Sabtu, 20 Mei 2017

Catatan untuk Waena, Jayapura

Pola yang sama ketika para Jendral bermain dalam konflik Ambon dan Poso, kini dimainkan di Papua!

Orang asli Papua dijadikan targetnya. Pertama Polisi sebagai aparat keamanan mencipatakan opini publik bahwa orang asli Papua itu penjahat, sehingga layak disiksa, ditangkap, dipenjarahkan dan dibunuh. Ini dapat kita saksikan lewat polisi melakukan peyergapan tujuh orang bersama seorang DPO kabur dari LP Abepura. Polisi menembak, menangkap dan menyiksa delapan orang tersebut, dan isu yang diterima oleh warga lewat pemberitaan media adalah mereka yang ditembak itu adalah pelaku pembunuhan seorang Ibu yang mayatnya ditemukan tak jauh dari lokasi penyergapan. 

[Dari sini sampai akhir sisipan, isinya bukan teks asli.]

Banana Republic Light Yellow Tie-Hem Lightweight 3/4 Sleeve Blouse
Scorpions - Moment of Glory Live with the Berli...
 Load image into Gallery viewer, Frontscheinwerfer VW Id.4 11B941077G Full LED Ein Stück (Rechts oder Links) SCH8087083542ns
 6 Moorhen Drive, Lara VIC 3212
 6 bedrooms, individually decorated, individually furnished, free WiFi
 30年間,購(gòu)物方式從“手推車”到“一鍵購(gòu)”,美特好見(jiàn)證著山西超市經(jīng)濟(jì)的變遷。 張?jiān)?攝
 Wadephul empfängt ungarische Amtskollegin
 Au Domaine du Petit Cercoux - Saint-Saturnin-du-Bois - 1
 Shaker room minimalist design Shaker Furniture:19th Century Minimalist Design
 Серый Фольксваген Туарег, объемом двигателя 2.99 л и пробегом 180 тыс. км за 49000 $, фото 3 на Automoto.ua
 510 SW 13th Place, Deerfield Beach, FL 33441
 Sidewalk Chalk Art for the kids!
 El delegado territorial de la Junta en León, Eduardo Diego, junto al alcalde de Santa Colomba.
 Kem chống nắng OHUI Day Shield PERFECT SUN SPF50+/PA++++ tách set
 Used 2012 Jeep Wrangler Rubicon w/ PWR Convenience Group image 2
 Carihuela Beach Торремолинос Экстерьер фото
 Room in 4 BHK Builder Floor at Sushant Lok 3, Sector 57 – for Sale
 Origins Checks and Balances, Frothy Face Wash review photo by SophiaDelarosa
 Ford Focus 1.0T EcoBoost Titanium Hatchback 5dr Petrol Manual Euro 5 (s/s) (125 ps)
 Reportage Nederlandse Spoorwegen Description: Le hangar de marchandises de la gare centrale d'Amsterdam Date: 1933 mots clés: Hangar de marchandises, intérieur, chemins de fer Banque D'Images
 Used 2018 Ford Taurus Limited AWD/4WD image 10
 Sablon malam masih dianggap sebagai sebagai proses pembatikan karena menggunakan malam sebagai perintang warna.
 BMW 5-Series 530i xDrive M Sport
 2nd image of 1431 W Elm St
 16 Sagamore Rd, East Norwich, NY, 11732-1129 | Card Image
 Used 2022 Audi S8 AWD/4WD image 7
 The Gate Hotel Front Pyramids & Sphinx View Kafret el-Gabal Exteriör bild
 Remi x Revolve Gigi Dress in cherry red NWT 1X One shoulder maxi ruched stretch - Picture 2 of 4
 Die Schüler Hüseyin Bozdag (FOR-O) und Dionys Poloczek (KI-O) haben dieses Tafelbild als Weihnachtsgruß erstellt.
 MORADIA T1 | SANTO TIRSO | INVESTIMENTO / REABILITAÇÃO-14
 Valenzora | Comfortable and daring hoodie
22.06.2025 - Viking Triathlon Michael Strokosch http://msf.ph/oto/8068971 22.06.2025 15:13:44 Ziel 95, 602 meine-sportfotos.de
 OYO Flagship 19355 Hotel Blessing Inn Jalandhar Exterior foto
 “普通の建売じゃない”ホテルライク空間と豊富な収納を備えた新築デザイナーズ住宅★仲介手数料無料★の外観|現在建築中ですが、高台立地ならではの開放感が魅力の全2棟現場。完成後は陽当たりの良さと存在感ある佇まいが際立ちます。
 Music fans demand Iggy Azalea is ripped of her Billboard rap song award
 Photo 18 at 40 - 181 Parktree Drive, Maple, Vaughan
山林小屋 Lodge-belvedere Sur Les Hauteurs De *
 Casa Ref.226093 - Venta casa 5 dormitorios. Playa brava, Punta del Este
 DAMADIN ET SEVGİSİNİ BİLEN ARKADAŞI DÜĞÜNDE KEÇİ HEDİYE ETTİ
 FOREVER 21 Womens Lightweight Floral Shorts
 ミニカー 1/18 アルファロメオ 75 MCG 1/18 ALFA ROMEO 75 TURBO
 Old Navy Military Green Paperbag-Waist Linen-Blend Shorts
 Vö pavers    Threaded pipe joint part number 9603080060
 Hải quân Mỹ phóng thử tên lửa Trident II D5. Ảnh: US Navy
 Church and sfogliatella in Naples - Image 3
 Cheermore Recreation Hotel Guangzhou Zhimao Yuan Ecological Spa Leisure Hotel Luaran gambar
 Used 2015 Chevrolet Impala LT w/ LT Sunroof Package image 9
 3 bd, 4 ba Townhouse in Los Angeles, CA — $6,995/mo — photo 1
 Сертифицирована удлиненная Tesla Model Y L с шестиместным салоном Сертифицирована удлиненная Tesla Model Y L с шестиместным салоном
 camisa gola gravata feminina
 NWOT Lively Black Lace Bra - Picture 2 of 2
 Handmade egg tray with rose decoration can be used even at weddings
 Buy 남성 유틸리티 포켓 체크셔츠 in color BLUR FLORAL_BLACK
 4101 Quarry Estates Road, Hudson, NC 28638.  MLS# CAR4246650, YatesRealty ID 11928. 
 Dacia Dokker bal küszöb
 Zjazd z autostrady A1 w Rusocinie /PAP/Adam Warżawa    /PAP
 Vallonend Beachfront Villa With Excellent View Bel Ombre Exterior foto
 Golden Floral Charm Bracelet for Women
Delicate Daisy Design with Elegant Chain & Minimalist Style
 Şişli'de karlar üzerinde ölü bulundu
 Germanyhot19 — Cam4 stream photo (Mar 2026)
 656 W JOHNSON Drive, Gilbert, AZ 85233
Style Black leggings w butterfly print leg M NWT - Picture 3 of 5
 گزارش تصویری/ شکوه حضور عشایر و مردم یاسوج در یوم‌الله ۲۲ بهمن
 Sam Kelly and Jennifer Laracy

Lihat Detik News: Tim khusus Polres Jayapura Kota berhasil menangkap pelaku pembunuhan wanita pekerja warung tahu tek di Jalan Taruna Bhakti, Kota Jayapura. yang terjadi Jumat (19/5/2017) pukul 05.40 WIT tadi. Pelaku yang ditangkap berjumlah 8 orang.(Link: https://news.detik.com/berita/3506596/polisi-tangkap-pembunuh-wanita-penjual-tahu-di-jayapura)

Isunya diciptakan dan dikembangkan, di satu sisi, tujuannya adalah membuat masyarakat takut dan menyadari dalam pikiran bahwa orang asli Papua itu memang jahat atau kriminal, sehingga warga, khususnya sedaerah dengan Ibu korban merasa dan mengalami terdesak dan terancam. Ini menjadi prasyarat untuk konflik horisontal. Setelah itu, kata "Wamena", "Orang Gunung", "Orang Papua", mulai dipakai dan sering dipakai oleh keluarga atau komunitas yang merasa korban. 

Dalam kasus dari ibu yang mayatnya ditemukan itu adalah upaya mencipatakan gambaran orang asli Papua sebagai pelaku Kejahatan dan kriminalis. Representasi Orang asli Papua sebagai kriminalis.
Warga, khususnya keluarga dari ibu itu turun ke jalan, mengamuk dan membunuh dua orang asli Papua tanpa rasa bersalah dan Polisi terlihat tidak mampu mengendalikan situasi. Polisi ada di TKP dalam jumlah yang sedikit. Polisi dalam berhadapan dengan keluarga ibu korban itu tampil sebagai pihak yang tak berdaya untuk mengamankan situasi. Tak berdaya dengan kemarahah keluarga ibu korban. Jika kita bandingkan dengan SOPnya Polisi, maka ada beberapa hal yang perlu dipertanyakan, misalnya bagaimana intel mereka bekerja? Analisis dan informasinya seperti apa? Dan jika kita bandingkan dengan pendekatan Polisi menangani demo damai warga Papua dengan polisi menangani keluarga ibu korban yang marah itu, kita berkesimpulan bahwa Polisi membiarkan dua orang asli Papua dibantai oleh keluarga ibu korban. Ini pembiaran, dan sebagai aparat Negara, pembiaran mengakibatkan warga kehilangan nyawa adalah sebuah pelanggaran HAM. Kapolres Jayapura dan Kapolda perlu dituntut.

Hal lain, Ini settingan. Diatur dan dikendalikan dengan tujuan tertentu, dan saya duka tujuannya adalah teror untuk konflik horisontal dan menggeser dari konflik Politik antara Negara Indonesia dengan Orang Papua yang memperjuangkan kemerdekaan.

Di Kei kecil, konflik di tahun 1998-2000 dibiayai oleh konglomerat Jakarta, begitu juga Poso. Kelompok radikal dilatih oleh anggota-anggota TNI dan Polri, dengan tujuan adalah ekspansi bisnis dari para konglomerat Jakarta yang membentuk jaringan bisnisnya dengan para Jendral.

Sehingga, hemat saya, kita perlu tanamkan bahwa baik ibu yang ditemukan jasadnya dan keluarganya, maupun orang asli Papua yang dibunuh oleh polisi dan keluarga ibu itu adalah korban. Mari kita bersama-sama menggugat Polisi.